Because it was close to the campground, and perhaps due to the lack of beach in front of the seawalls, the remains were towed 2 miles down the coast and buried in 4 feet of sand, just upcoast of Faria Beach.

Whale blubber and the strong odor of rotting flesh were evident in the surf zone as far downcoast as Surfers' Point on Sunday, during the C-St Longboard Contest and Aloha Beach Festival. This week portions of the whale were exposed by wave action, and downcoast impacts continued. Past experience in southern California has shown that white sharks will be attracted to the coastal zone, potentially creating an increased risk of shark attacks.

There have been record numbers of blue whales in the Santa Barbara Channel this year, and apparently there is another dead whale floating toward the coast. Concerned citizens are petitioning authorities to determine appropriate protocol and not repeat this in the future.

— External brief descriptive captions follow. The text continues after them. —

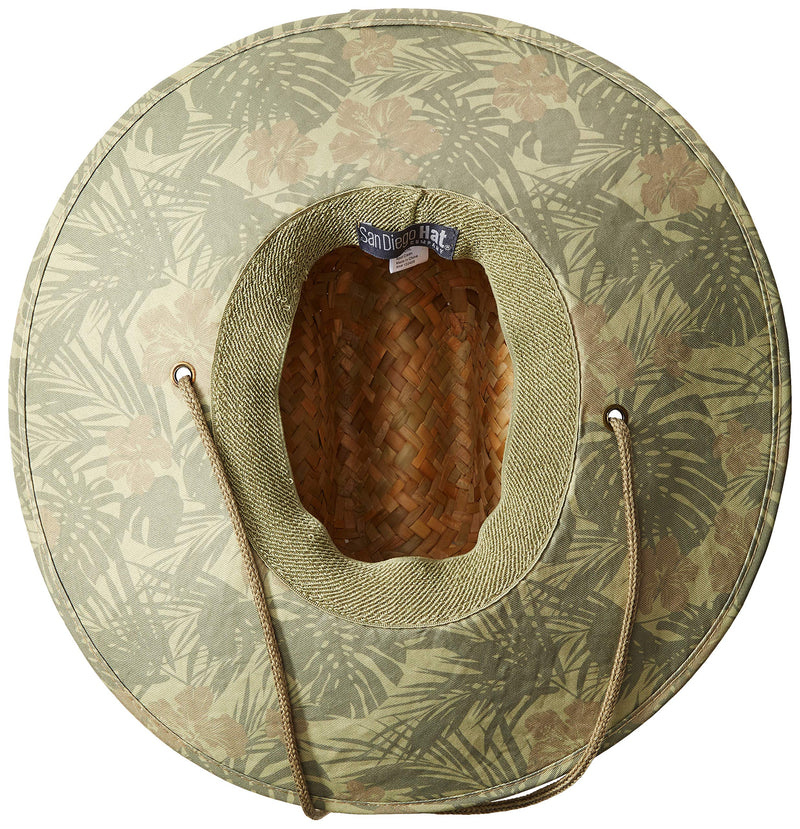 [Australia] - San Diego Hat Co. Men's Straw Lifeguard Hat with Adjustabel Chin Cord Large-X-Large Olive 
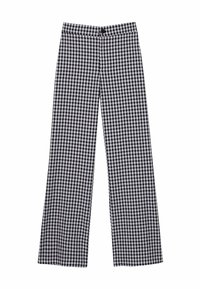 Pantalones de pata ancha de cuadros vichy en blanco y negro con cierre de botón, que presentan una textura suave y un ajuste entallado a lo largo de la pierna.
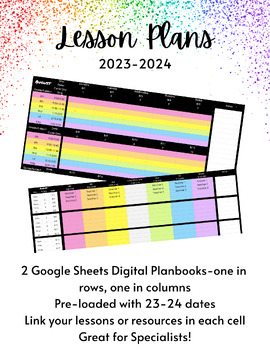 Preview of Digital Google Sheets Planbook for Specialists and Secondary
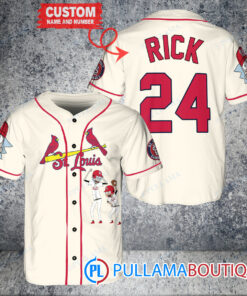 Personalized St. Louis Cardinals Rick and Morty Baseball Jersey Cream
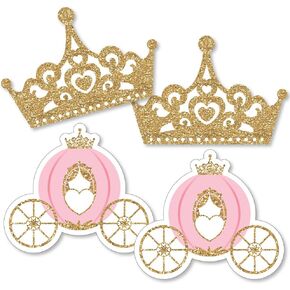 Big Dot of Happiness Little Princess Crown - Tiara & Carriage Decorations DIY Pink and Gold Princess Baby Shower or Birthday Party Essentials - Set of 20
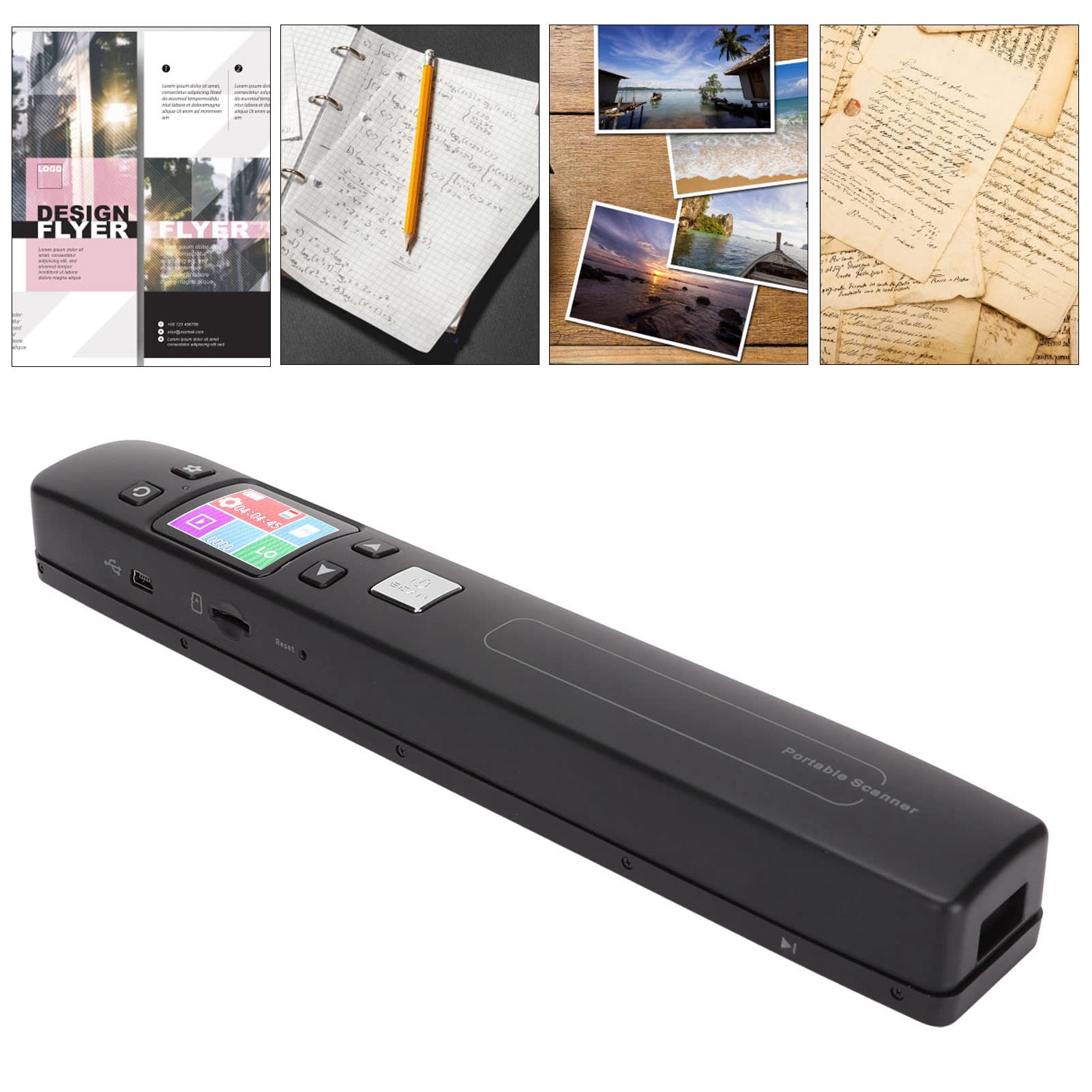 Zunate Scanner Portatile Wi-Fi, Scanner di Testo per Immagini da 1050 DPI con Batteria Ricaricabile, Supporto per L'archiviazione di Schede TF per la Scansione di Documenti, Foto, Riviste(Nero)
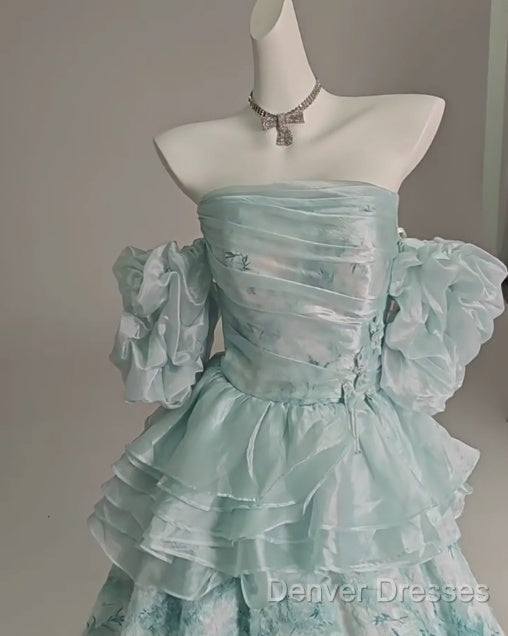 Blue Floral A-Line Strapless Organza Long Prom Dress Graduation Prom Dress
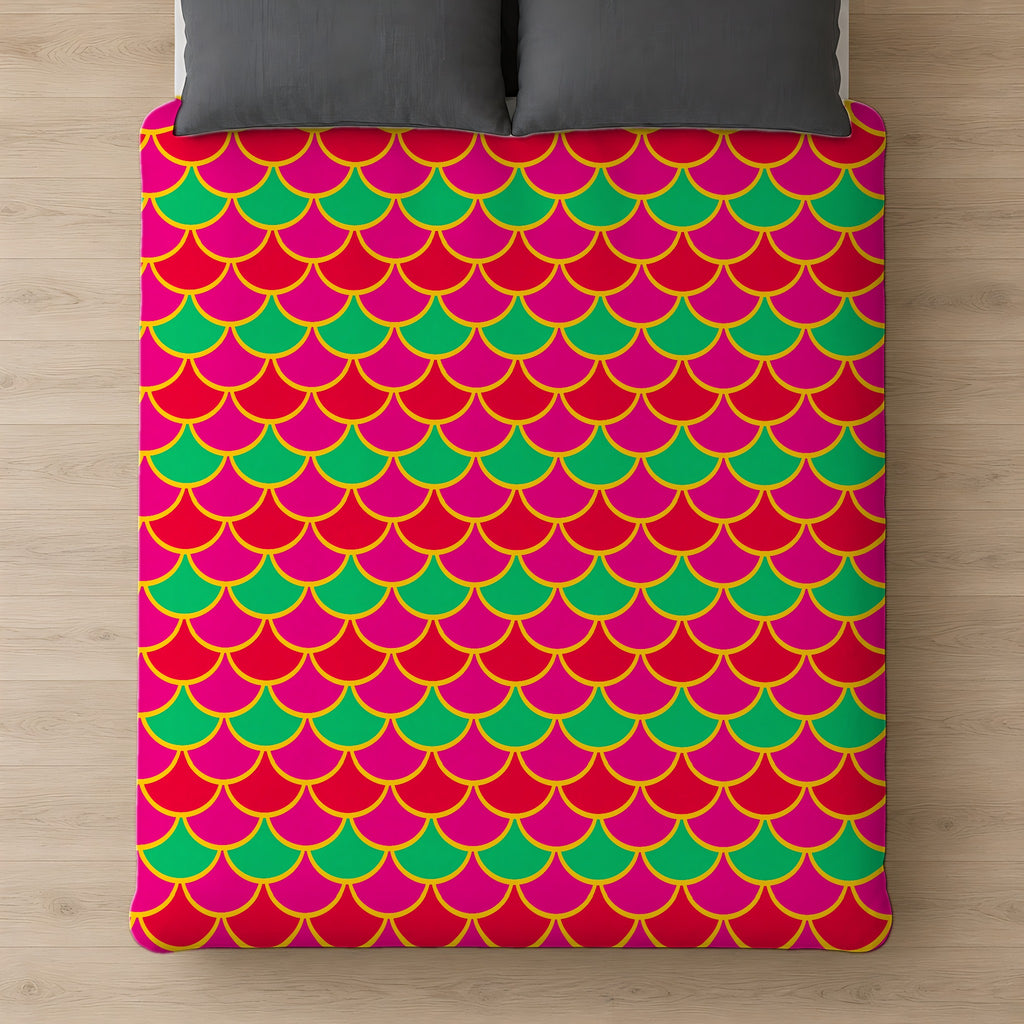 Big Jewel Scales II Comforter on a bed, seen from above
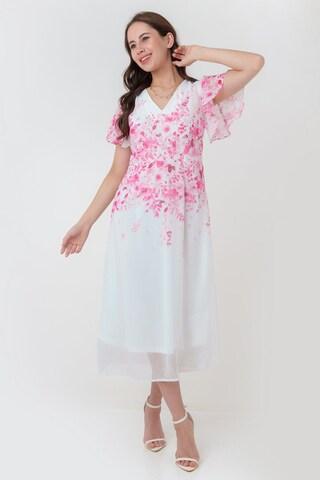 white print calf-length casual women regular fit dress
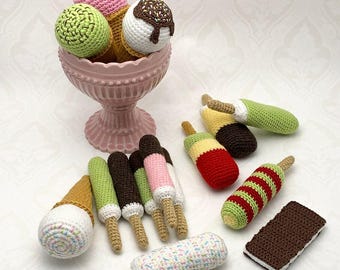 Ice cream Party Crochet Pattern, English (US Terms) & Swedish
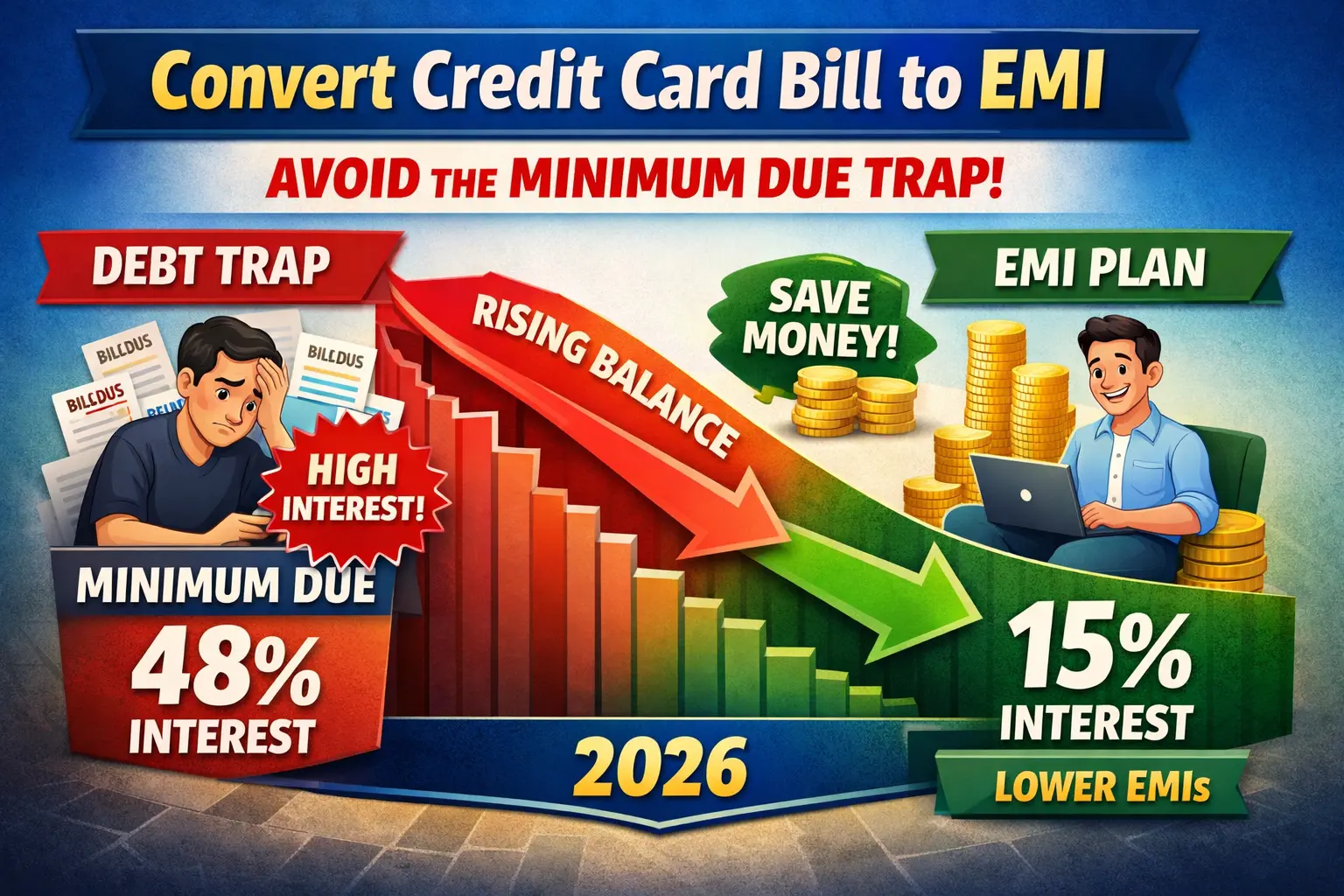 Convert Credit Card Bill into EMI 2026: Minimum Due Trap से बचने का सही तरीका 1 how to convert credit card bill into EMI online in India 2026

It is interesting to think that in the past, marine mammals provided carrion for the California Condor, now an endangered species. These huge birds would fly along the coast and feed upon beached seals, dolphins, and whales. Indeed, this ecosystem once supported coyotes, bears, vultures, and a full spectrum of life. However, with the construction of a freeway and residences on the beach, this biodiversity has been lost. Increased population and conflicting human interests turn a beached mammal of this scale into a significant management issue. (Just be glad the authorities did not decide to do this!)

As illustrated by this case, the loss of natural ecosystem processes generate complicated public policy questions. Other examples include dams and flood control structures designed for a single purpose, but with unforseen side effects. There is now consensus that Matilija Dam should be decommissioned to begin to restore watershed function. And with pending new regulations, discussion has begun relating to impacts of urbanization to the health of the coastal ecosystem.